# philosophy in the martial arts



## Ian wallace (Mar 8, 2007)

how does one teach compassion in a martial arts class but still keep the leaval of hard training motivated by peseverance?

I want my students heartfull but balanced with hard and well trained side too!!!

Any help!!!


----------



## LawDog (Mar 8, 2007)

Compassion in a martial arts class is taught by example.


----------



## Shaderon (Mar 9, 2007)

LawDog said:


> Compassion in a martial arts class is taught by example.


 

Excellent!


----------



## Andrew Green (Mar 9, 2007)

Ian wallace said:


> how does one teach compassion in a martial arts class but still keep the leaval of hard training motivated by peseverance?

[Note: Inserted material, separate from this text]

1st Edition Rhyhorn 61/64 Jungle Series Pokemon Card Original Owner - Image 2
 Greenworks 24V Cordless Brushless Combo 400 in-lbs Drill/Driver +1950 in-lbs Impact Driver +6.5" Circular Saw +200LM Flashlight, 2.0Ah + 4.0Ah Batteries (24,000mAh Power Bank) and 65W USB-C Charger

When you work with a partner, you have every opportunity to hurt them.  Everytime you do a armbar you have the chance to break there arm, everytime they do one to you they have the same.  But no one ever does... well accidents happen.

Martial arts requires you to put a lot of trust into the person you are working with.  It requires you to lose a lot of that ego you've been working on building and get beat and to to work with a person, help them beat you.  

Then, at the end of the day, when you are both tired, a little sore, and maybe have a couple bruises, you are friends.

How many activites can you eat a kick to the face, then sincerly be congratulating the person that just shock your jaw for you on a beautiful kick?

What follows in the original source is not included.